From fe28a7b9d8d0c90d70778d0a2df92094aec2faa6 Mon Sep 17 00:00:00 2001
From: Georgi Gerganov <ggerganov@gmail.com>
Date: Tue, 23 Jul 2024 08:38:50 +0300
Subject: [PATCH] llama : clean-up

---
 src/llama-impl.h     | 18 ------------------
 src/llama-sampling.h |  2 --
 src/llama-vocab.h    |  1 -
 src/llama.cpp        | 26 ++++++++++++++++++--------
 src/unicode.h        |  2 ++
 5 files changed, 20 insertions(+), 29 deletions(-)
diff --git a/src/llama-impl.h b/src/llama-impl.h
index 458049a97..dcc8c1c15 100644
--- a/src/llama-impl.h
+++ b/src/llama-impl.h
@@ -3,24 +3,6 @@
 #define LLAMA_API_INTERNAL
 #include "llama.h"
 
-#ifdef __has_include
-    #if __has_include(<unistd.h>)
-        #include <unistd.h>
-        #if defined(_POSIX_MAPPED_FILES)
-            #include <sys/mman.h>
-            #include <fcntl.h>
-        #endif
-        #if defined(_POSIX_MEMLOCK_RANGE)
-            #include <sys/resource.h>
-        #endif
-    #endif
-#endif
-
-// bump if necessary
-#define LLAMA_MAX_NODES   8192
-#define LLAMA_MAX_LAYERS  512
-#define LLAMA_MAX_EXPERTS 160  // DeepSeekV2
-
 #ifdef __GNUC__
 #ifdef __MINGW32__
 #define LLAMA_ATTRIBUTE_FORMAT(...) __attribute__((format(gnu_printf, __VA_ARGS__)))
diff --git a/src/llama-sampling.h b/src/llama-sampling.h
index 65b7ceed7..f7f8e3ef7 100644
--- a/src/llama-sampling.h
+++ b/src/llama-sampling.h
@@ -18,8 +18,6 @@ struct llama_sampling {
     }
 };
 
-struct llama_sampling * llama_get_sampling(struct llama_context * ctx);
-
 //
 // internal API
 //
diff --git a/src/llama-vocab.h b/src/llama-vocab.h
index 44c0efced..30b565d55 100644
--- a/src/llama-vocab.h
+++ b/src/llama-vocab.h
@@ -62,7 +62,6 @@ struct llama_vocab {
 };
 
 const struct llama_vocab * llama_get_vocab(const struct llama_context * ctx);
-const struct llama_vocab * llama_get_vocab(const struct llama_model   * model);
 
 //
 // internal API
diff --git a/src/llama.cpp b/src/llama.cpp
index 8cb5babb2..40c5e8e8d 100644
--- a/src/llama.cpp
+++ b/src/llama.cpp
@@ -36,6 +36,19 @@
 // TODO: replace with ggml API call
 #define QK_K 256
 
+#ifdef __has_include
+    #if __has_include(<unistd.h>)
+        #include <unistd.h>
+        #if defined(_POSIX_MAPPED_FILES)

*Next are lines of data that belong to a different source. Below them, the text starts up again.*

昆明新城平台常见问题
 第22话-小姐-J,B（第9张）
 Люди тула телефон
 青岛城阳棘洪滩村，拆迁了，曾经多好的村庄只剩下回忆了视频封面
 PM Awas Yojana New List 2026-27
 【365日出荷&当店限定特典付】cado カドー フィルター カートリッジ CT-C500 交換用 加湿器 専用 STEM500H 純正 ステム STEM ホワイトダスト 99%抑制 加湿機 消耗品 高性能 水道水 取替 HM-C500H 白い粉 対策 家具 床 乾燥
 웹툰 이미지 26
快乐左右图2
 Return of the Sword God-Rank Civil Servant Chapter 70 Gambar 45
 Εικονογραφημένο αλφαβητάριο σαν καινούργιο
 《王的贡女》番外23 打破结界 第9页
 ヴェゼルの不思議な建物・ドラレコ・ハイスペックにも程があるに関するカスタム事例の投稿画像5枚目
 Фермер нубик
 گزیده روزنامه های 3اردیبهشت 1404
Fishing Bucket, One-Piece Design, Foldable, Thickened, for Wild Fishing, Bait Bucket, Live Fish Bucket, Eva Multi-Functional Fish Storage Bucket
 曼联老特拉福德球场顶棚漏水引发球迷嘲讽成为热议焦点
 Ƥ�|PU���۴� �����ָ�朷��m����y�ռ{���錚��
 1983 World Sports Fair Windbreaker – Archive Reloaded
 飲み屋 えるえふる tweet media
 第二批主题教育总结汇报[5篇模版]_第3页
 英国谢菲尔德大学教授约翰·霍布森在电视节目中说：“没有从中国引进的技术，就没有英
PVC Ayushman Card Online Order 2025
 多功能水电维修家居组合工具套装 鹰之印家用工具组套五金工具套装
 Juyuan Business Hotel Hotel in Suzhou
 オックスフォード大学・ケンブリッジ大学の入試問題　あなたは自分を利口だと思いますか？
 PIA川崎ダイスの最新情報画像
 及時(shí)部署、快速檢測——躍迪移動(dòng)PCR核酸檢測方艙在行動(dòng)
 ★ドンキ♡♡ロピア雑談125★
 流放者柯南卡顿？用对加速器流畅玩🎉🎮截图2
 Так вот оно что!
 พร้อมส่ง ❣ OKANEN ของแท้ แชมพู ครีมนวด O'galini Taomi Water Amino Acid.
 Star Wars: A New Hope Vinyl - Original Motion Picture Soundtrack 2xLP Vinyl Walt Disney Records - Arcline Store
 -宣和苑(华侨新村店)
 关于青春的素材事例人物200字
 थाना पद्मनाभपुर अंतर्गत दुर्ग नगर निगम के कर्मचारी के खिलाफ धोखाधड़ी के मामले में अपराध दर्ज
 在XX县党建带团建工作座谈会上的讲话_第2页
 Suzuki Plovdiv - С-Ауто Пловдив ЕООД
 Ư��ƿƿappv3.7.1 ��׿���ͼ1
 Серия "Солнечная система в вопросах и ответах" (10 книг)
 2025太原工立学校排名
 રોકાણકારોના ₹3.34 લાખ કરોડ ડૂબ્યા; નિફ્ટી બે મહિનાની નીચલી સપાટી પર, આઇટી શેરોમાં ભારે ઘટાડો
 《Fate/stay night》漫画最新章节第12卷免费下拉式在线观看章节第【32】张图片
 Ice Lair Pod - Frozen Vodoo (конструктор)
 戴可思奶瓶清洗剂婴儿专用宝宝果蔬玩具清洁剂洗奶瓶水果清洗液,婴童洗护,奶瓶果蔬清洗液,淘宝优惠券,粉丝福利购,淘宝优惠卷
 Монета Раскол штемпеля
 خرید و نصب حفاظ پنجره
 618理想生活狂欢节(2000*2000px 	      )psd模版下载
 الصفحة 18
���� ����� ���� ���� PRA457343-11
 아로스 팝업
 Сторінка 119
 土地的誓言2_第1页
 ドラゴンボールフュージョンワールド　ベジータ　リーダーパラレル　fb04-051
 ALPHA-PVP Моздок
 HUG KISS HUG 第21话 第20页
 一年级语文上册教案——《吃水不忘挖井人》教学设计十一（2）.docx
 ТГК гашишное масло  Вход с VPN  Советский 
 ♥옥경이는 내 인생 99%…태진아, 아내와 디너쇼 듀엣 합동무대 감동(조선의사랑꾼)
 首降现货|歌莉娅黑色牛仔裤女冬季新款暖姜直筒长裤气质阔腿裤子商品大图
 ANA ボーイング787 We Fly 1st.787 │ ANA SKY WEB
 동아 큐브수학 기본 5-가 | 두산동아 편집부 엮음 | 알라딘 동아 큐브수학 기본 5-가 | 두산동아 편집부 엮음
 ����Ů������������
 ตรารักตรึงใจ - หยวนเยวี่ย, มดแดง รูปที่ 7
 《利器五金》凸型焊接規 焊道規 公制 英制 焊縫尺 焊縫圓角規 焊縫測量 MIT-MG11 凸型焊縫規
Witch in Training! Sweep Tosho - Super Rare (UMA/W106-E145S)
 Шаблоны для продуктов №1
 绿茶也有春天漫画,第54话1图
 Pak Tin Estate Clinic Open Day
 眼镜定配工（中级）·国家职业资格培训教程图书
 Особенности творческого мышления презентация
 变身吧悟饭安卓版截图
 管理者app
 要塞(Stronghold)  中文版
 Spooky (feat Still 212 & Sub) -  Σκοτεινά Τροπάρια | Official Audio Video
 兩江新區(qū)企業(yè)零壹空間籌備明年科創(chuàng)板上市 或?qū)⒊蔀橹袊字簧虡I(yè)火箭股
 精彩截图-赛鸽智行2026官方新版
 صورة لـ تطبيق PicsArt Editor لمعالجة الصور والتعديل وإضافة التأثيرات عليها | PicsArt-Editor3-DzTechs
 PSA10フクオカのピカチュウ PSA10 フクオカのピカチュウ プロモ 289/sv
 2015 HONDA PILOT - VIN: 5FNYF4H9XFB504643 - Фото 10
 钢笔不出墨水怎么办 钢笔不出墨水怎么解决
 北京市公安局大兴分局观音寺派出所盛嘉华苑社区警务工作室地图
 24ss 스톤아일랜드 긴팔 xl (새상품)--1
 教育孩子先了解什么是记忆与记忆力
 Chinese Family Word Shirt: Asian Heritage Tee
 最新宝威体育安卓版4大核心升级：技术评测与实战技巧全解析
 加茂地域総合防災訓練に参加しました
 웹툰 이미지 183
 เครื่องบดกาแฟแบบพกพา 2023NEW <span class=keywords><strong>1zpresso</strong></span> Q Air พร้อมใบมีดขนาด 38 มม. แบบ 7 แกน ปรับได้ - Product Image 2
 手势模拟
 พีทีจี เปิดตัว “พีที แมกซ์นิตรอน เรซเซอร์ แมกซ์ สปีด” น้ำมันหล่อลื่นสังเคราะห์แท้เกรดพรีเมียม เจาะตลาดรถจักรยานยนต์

+            #include <sys/mman.h>
+            #include <fcntl.h>
+        #endif
+        #if defined(_POSIX_MEMLOCK_RANGE)
+            #include <sys/resource.h>
+        #endif
+    #endif
+#endif
+
 #if defined(_WIN32)
     #define WIN32_LEAN_AND_MEAN
     #ifndef NOMINMAX
@@ -87,6 +100,11 @@
 #pragma warning(disable: 4244 4267) // possible loss of data
 #endif
 
+// bump if necessary
+#define LLAMA_MAX_NODES   8192
+#define LLAMA_MAX_LAYERS  512
+#define LLAMA_MAX_EXPERTS 160  // DeepSeekV2
+
 //
 // helpers
 //
@@ -16794,14 +16812,6 @@ const struct llama_vocab * llama_get_vocab(const struct llama_context * ctx) {
     return &ctx->model.vocab;
 }
 
-const struct llama_vocab * llama_get_vocab(const struct llama_model * model) {
-    return &model->vocab;
-}
-
-struct llama_sampling * llama_get_sampling(struct llama_context * ctx) {
-    return &ctx->sampling;
-}
-
 struct llama_grammar * llama_get_grammar(struct llama_context * ctx) {
     return &ctx->grammar;
 }
diff --git a/src/unicode.h b/src/unicode.h
index 52609ea37..008532a24 100644
--- a/src/unicode.h
+++ b/src/unicode.h
@@ -4,6 +4,8 @@
 #include <string>
 #include <vector>
 
+// TODO: prefix all symbols with "llama_"
+
 struct codepoint_flags {
     enum {
         UNDEFINED       = 0x0001,